= THE TASK =
Stop after the line that contains "Robocop #1 (March". Until then, retype each line of the entries exactly from the first one, skipping pictures.

= DATA FOR THIS TASK =
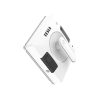 Robot de Curățare Geamuri TESLA RoboStar W700 cu Pulverizare Dublă, 3000Pa, Conectivitate Wireless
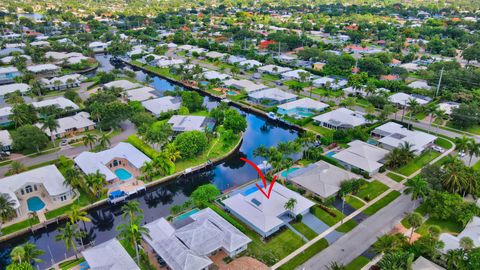 Single Family Residence in Boca Raton FL 891 Hickory Terrace Ter 1.jpg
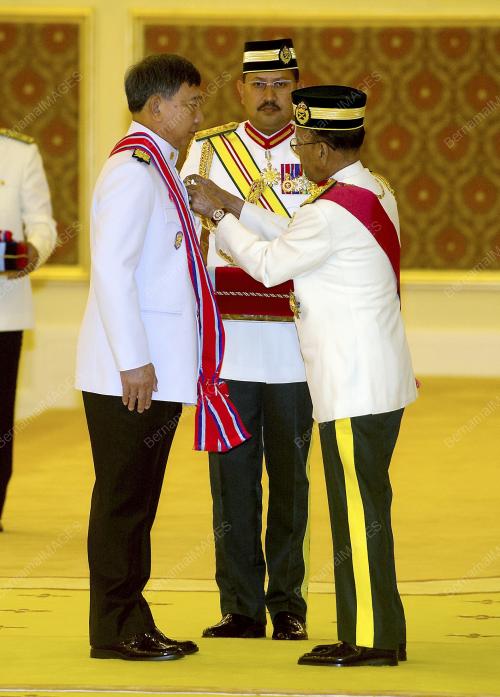 KL16_20102015_AGONG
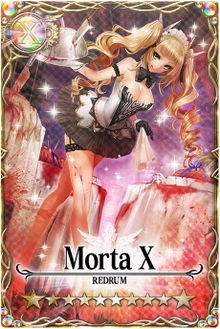 Morta mlb card.jpg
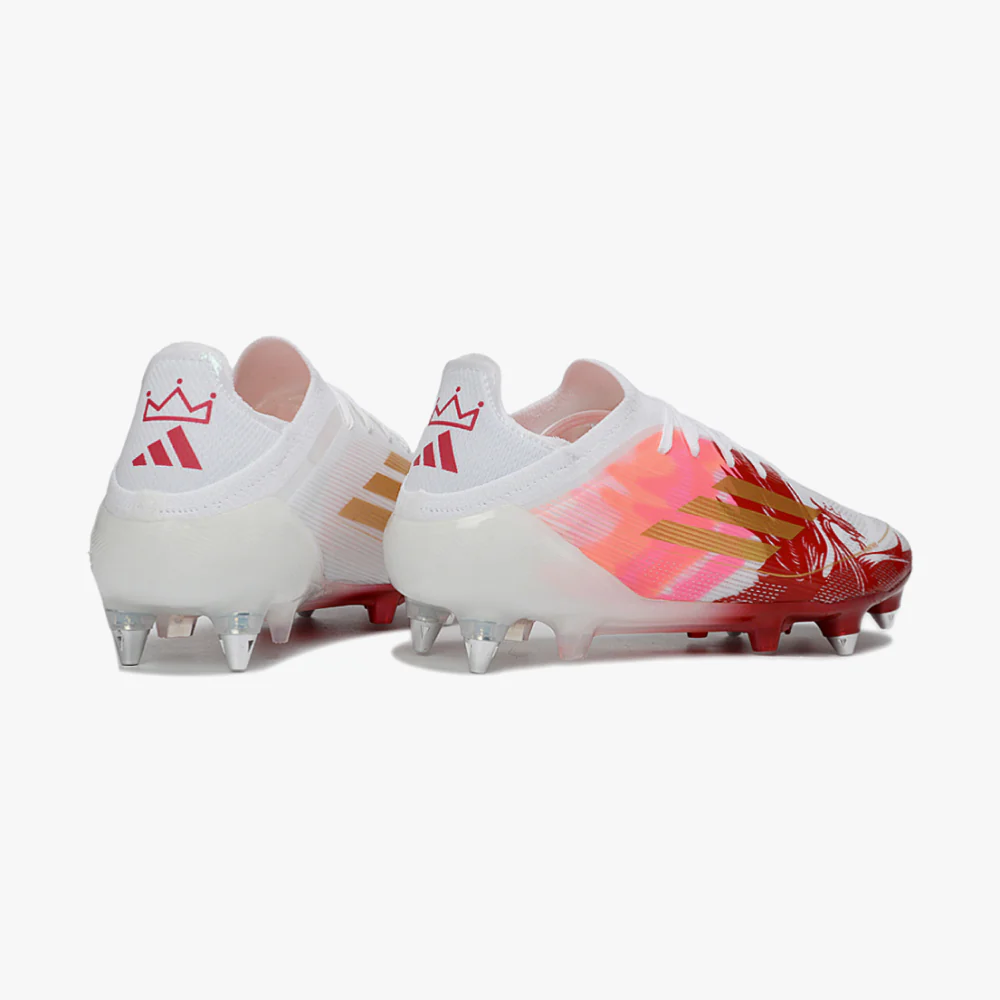 ADIDAS F50 ELITE (SG) - Image 4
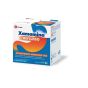 Xamamina Reflusso 25 bustine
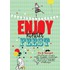 Enjoy kinderfeest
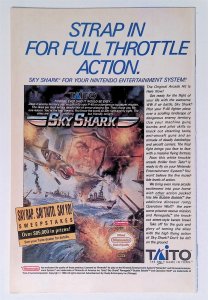 Robocop #1 (March 1990, Marvel) 7.5 VF-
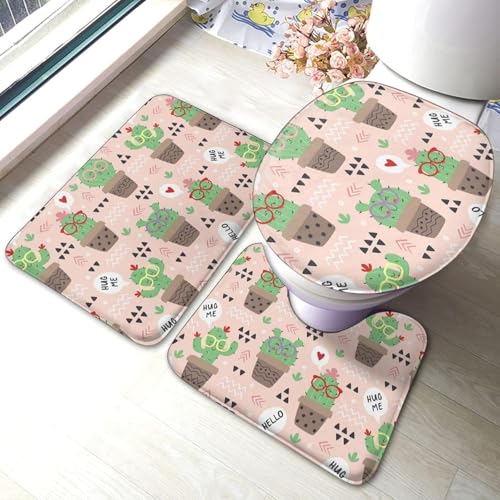 gC}bg Zbg 3_  ʔT{e }bg gCWJo[ U^ O^ gC}bg Zbg ~ z  h ֊ӂJo[ ƒp zep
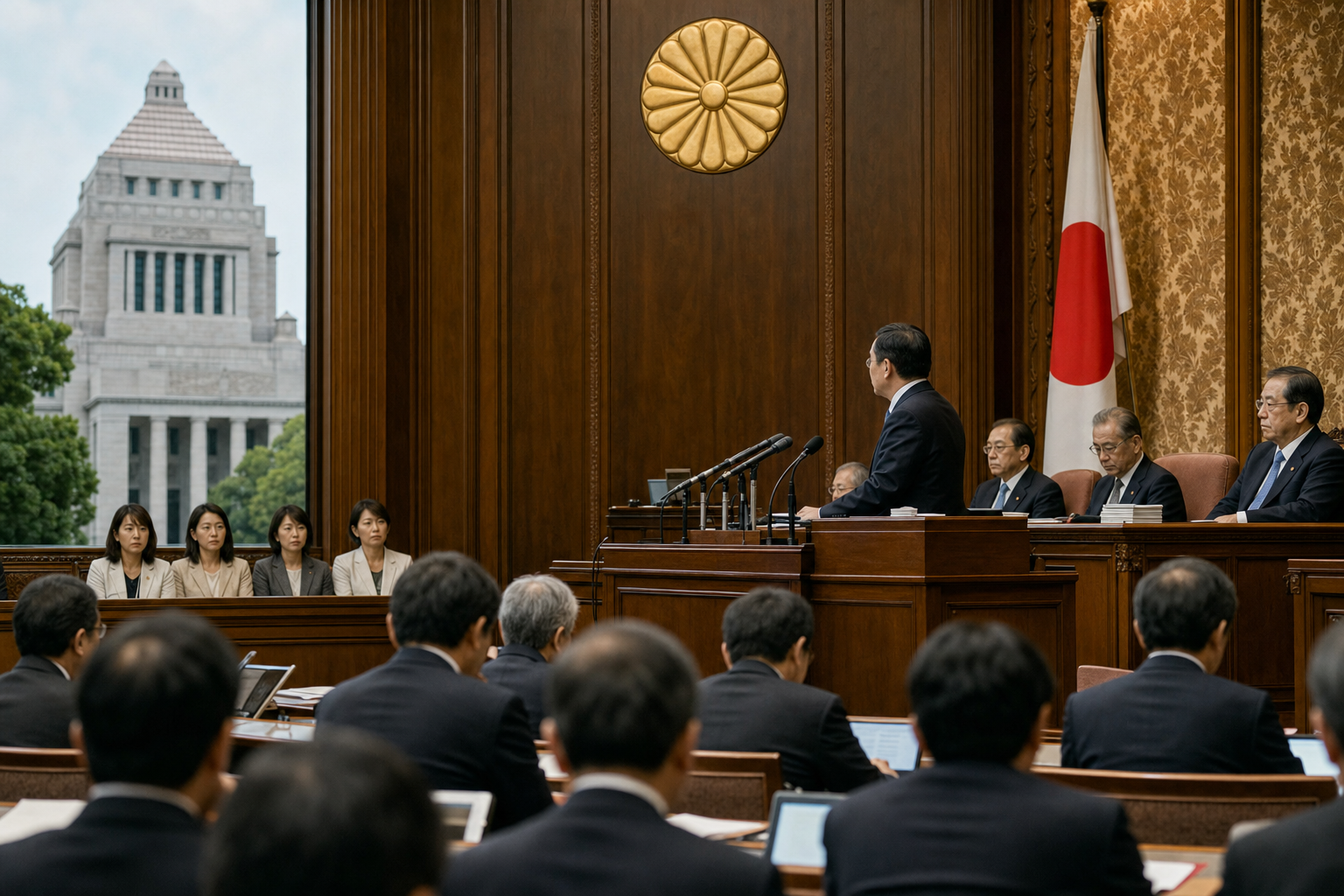 코미디언 미자, 하이닉스 주식 30% 손실에 '주식 우울증' 호소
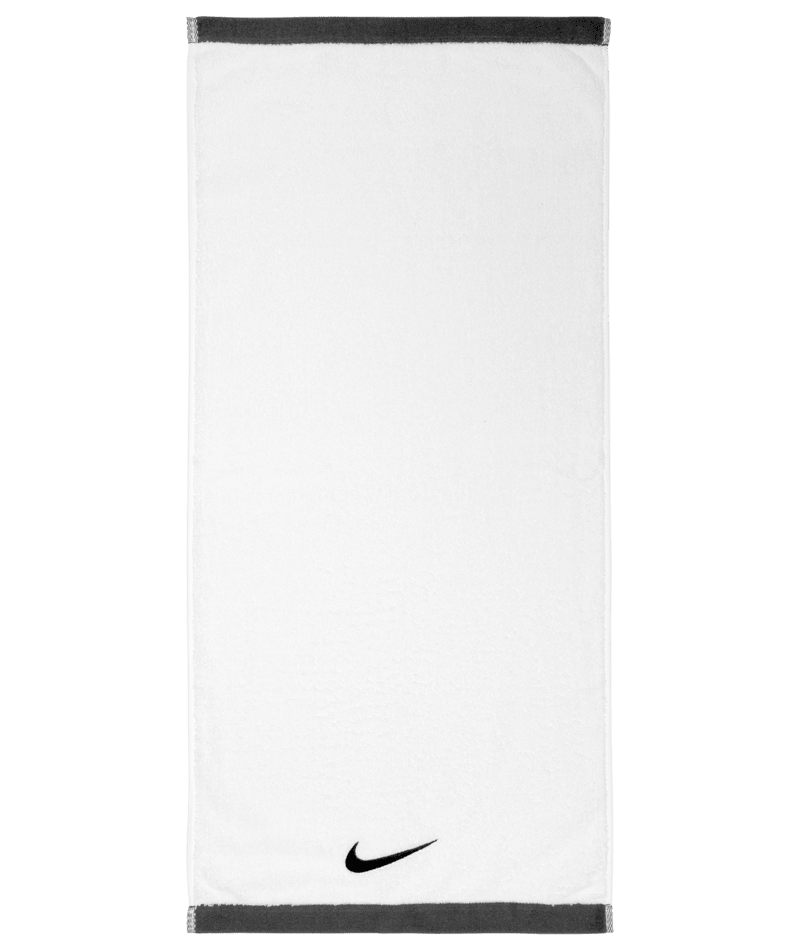 Nike Unisex Fundamental Towel Medium Np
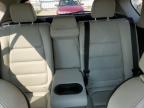 2016 Mazda Cx-5 Gt for Sale in Cahokia Heights, IL - Front End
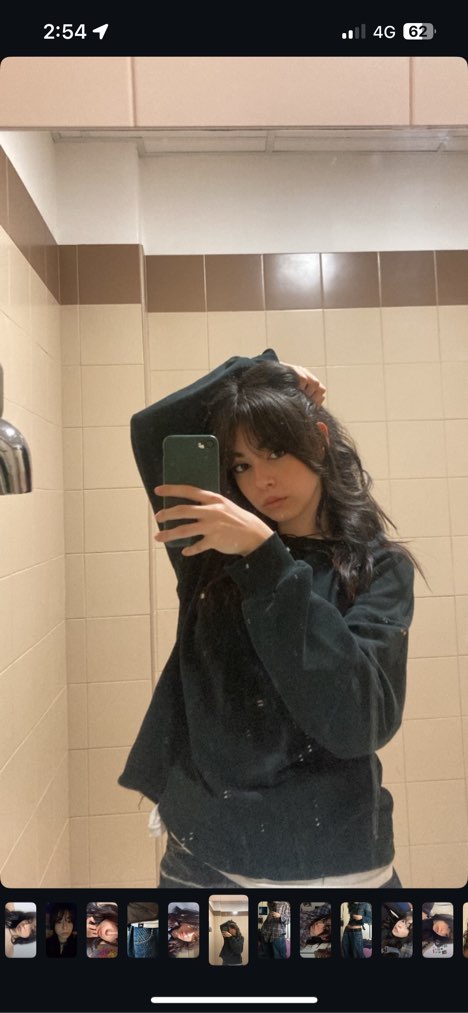 Foto de habitación en Lecce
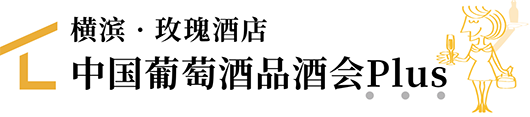 21.png 21.png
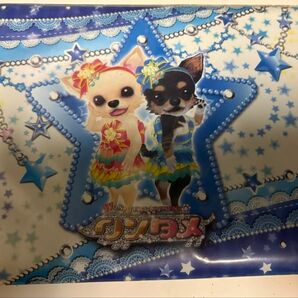 ワンタメカード150枚セット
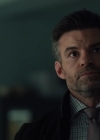 VampireDiariesWorld-dot-nl_SightUnseen1x03-0388.jpg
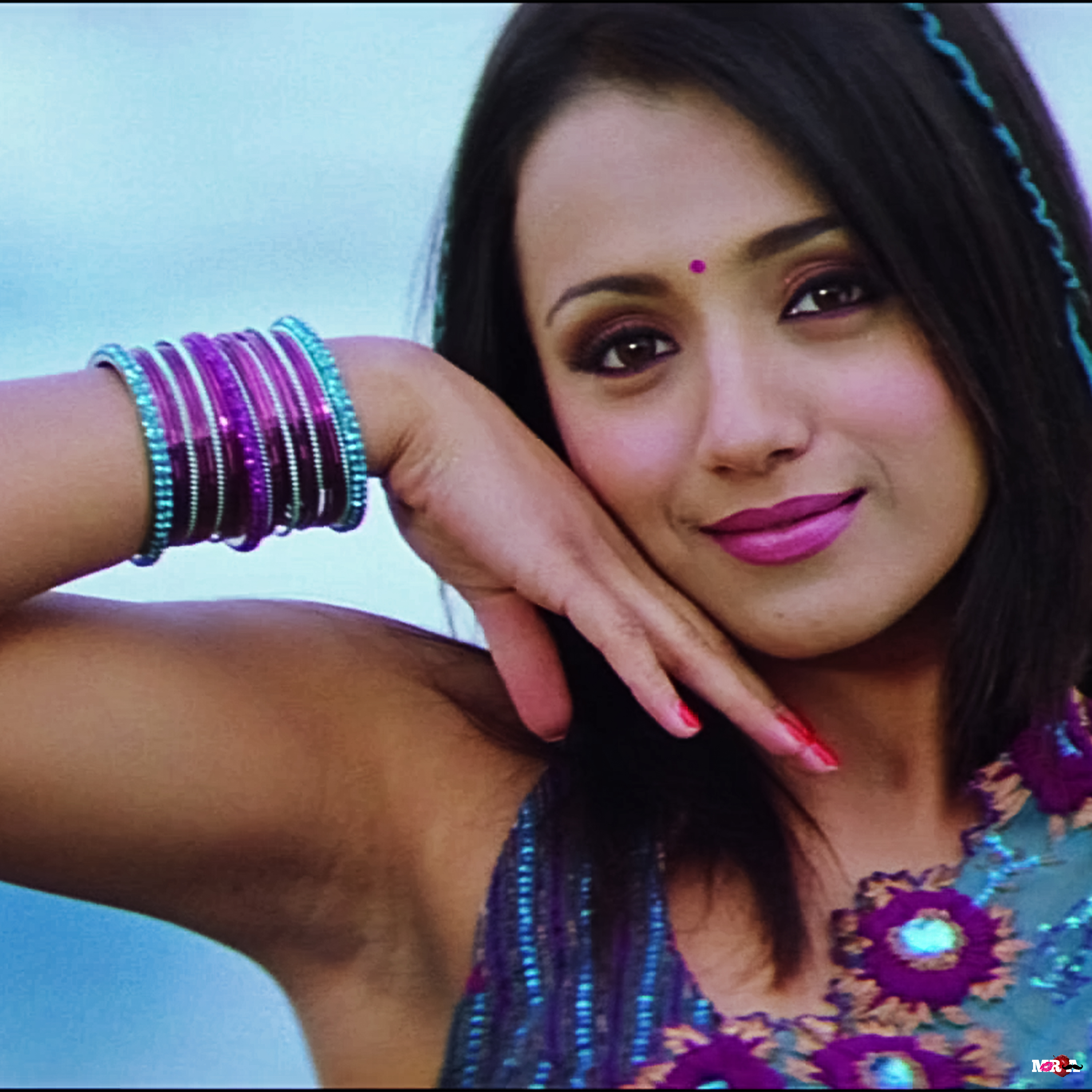 FKXUtx6VcAMSP9w?format=jpg&name=4096x409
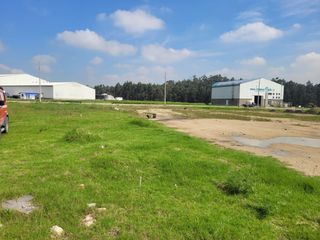 Foto 19 de Excelente lote industrial ubicado en Soacha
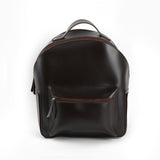 VYBE - Campus Companion - Brown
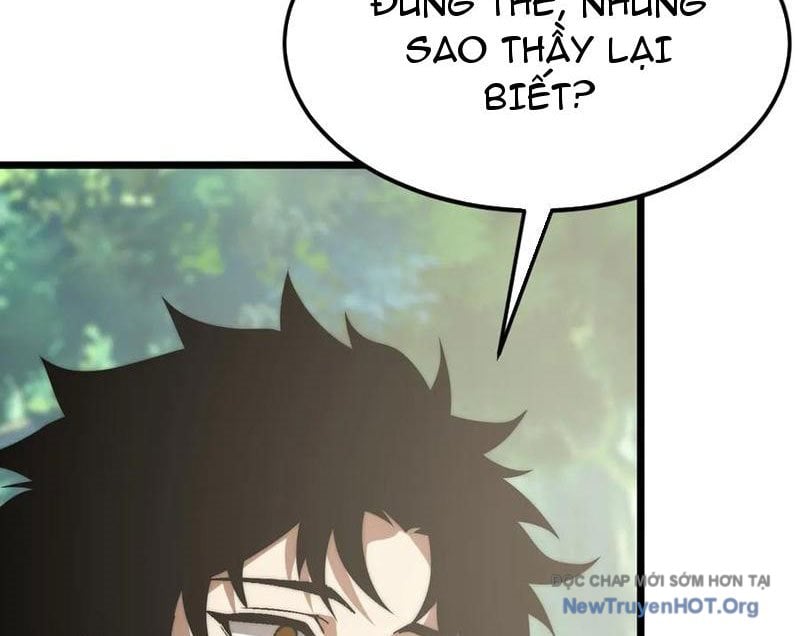 Triệu Hoán Ác Ma, Ta Đã Là Thâm Uyên Chap 29 - Next Chap 30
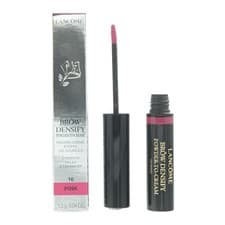 Image of Lancome Brow Densify Powder-To-Cream 16 Pink Eyebrow Powder 1.3g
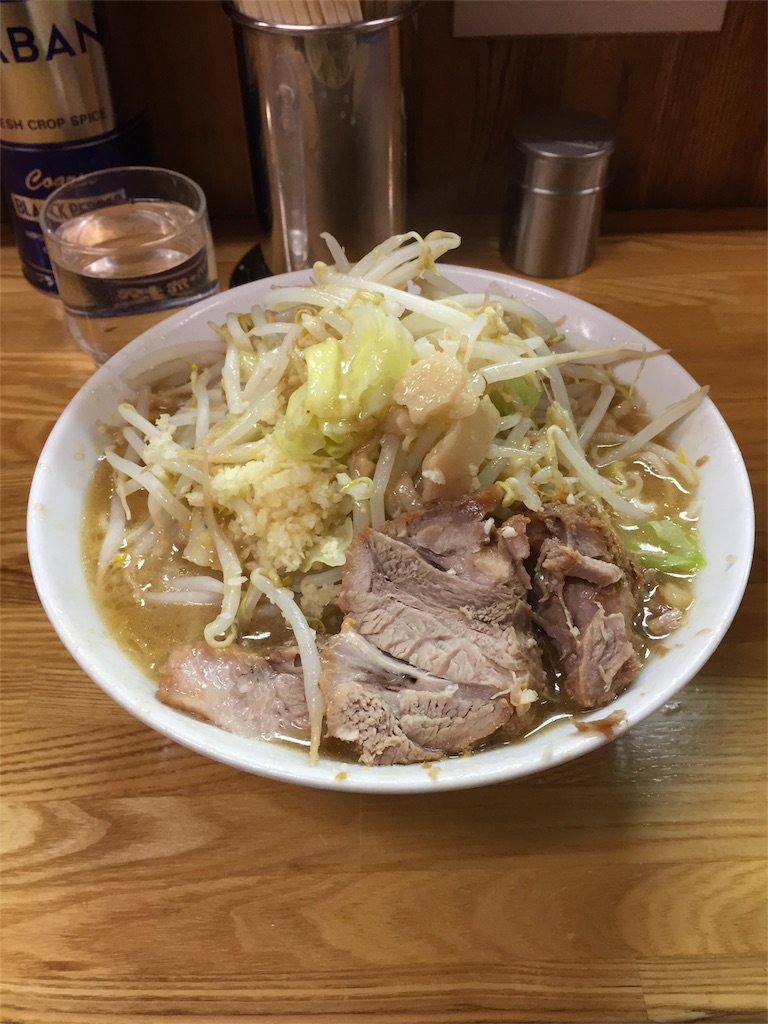 f:id:gh89ers:20170331125346j:image f:id:gh89ers:20170331125346j:image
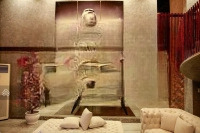 Cần Bán Căn Penthouse The Everrich Ii Quận 5 Nội Thất Sang Trọng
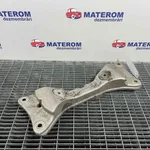 SUPORT CUTIE VITEZE BMW 3 318D 2011-2018 oe-22316859417, vedere frontata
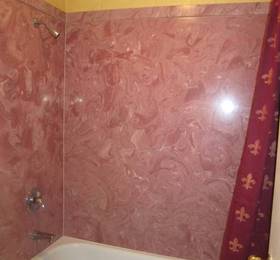 Туры в Star Motel  в США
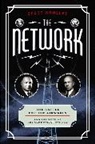 Scott Woolley - The Network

= SOLUTION =
 Robot de Curățare Geamuri TESLA RoboStar W700 cu Pulverizare Dublă, 3000Pa, Conectivitate Wireless
 Single Family Residence in Boca Raton FL 891 Hickory Terrace Ter 1.jpg
 KL16_20102015_AGONG
 Morta mlb card.jpg
 ADIDAS F50 ELITE (SG) - Image 4
 Xamamina Reflusso 25 bustine
 Enjoy kinderfeest
 Robocop #1 (March 1990, Marvel) 7.5 VF-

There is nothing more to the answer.